Önceki gün PKK’nın haber ajansında yayınlanan açıklamada terör örgütüne yönelik operasyonlar Kürtlere karşıymış gibi sunuldu. Türkiye’nin sorunlarının temel nedeni için “Bu krizin temel nedeni Kürt meselesinde izlenen inkar, şiddet ve savaş politikasıdır.” ifadeleri kullanıldı. Kılıçdaroğlu’nun Cumhurbaşkanı olması halinde PKK’nın rahatlayacağı, örgütlenme ve ifade imkânlarının artacağı vurgulandı. “Türkiye’nin bu keyfi, otoriter ve Kürt karşıtı anlayıştan kurtulması son derece önemlidir. 14 Mayıs’ta yapılacak seçimler, mevcut baskıcı ve ucube rejimden kurtulmak için bir fırsat niteliğindedir.” diye belirtildi.

‘ÖRGÜTLENME İMKANI ARTAR’

“Kürt Özgürlük ve Demokrasi İttifakı” adı verilen HDP ve YSP’nin de içinde yer aldığı oluşum Kılıçdaroğlu’na desteğini şöyle ilan etti: “Türkiye’nin değişim, normalleşme ve demokrasi yönünde bir sürece girmesi için oyumuzu cumhurbaşkanı adayı Kemal Kılıçdaroğlu’na vereceğiz.
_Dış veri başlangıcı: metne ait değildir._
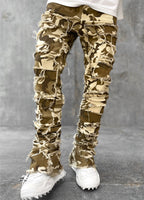 Men's tight-fit camo jeans with distressed fringe detailing, patchwork panels, and a stacked hem design.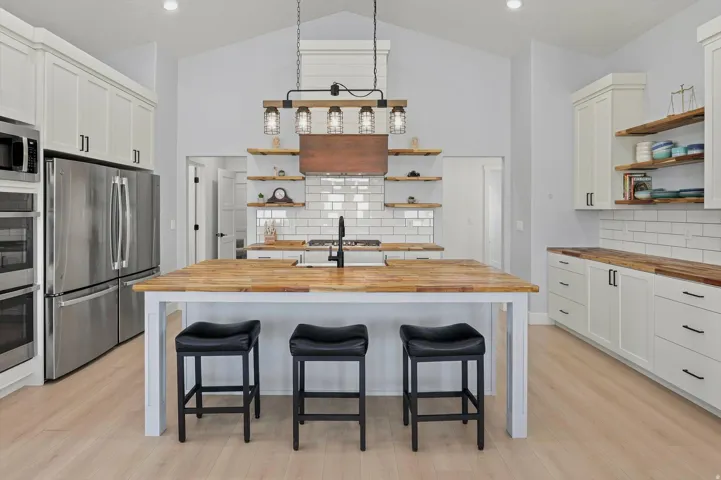 Spacious kitchen featuring an expansive center island with wood-finish countertop, white cabinetry with black hardware, wood-finish flooring, and vaulted ceiling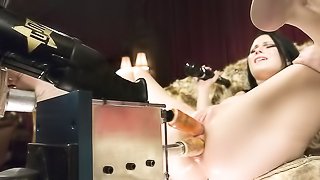 Brunette doesn't put aside vibrator during machine penetration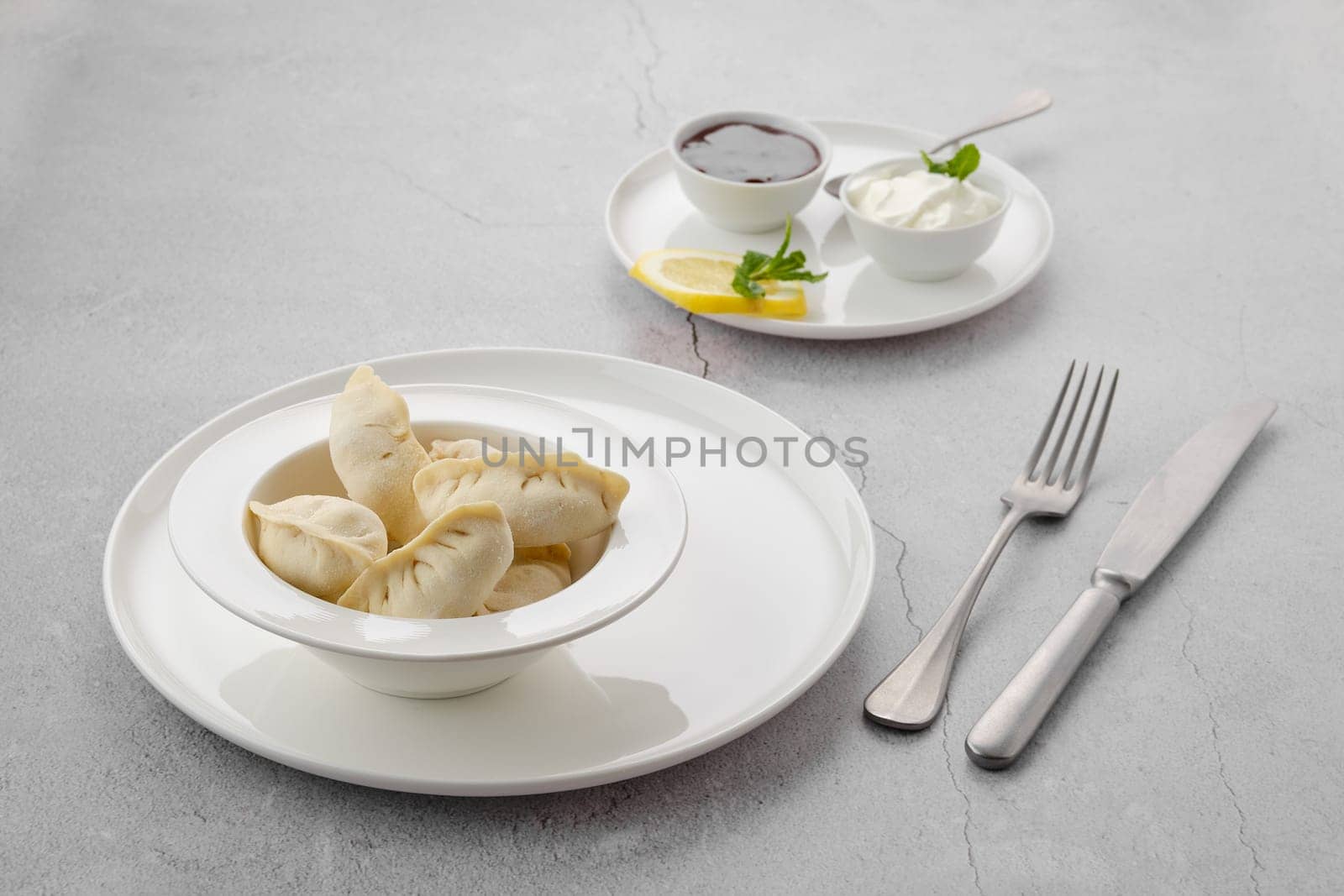 Frozen semifinished vareniki stuffed with strawberry on grey background
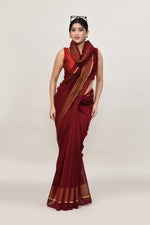 Maroon cotton silk handwoven saree with self stripes and gold pallu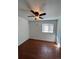 Well-lit bedroom featuring wood-look floors at 2604 S Dunkirk Ct, Aurora, CO 80013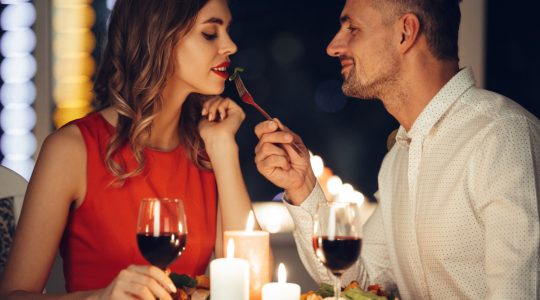 mężczyzna karmi piękną kobietę przy romantycznej kolacji w domu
Sayın Kılıçdaroğlu’nun Kürt meselesini parlamentoda çözeceği yönündeki vaadini önemli buluyoruz… Bugün temel ve yakıcı sorun, mevcut baskıcı şoven yönetimin devam edip etmemesi meselesidir... Normalleşen bir Türkiye’de Kürt meselesi hemen çözülmez, ancak Kürtler biraz nefes alabilir. Koşulların normalleştiği bir ortamda Kürt meselesini tartışmak görece kolaylaşır, Kürtlerin örgütlenme ve ifade imkanları daha da artabilir.”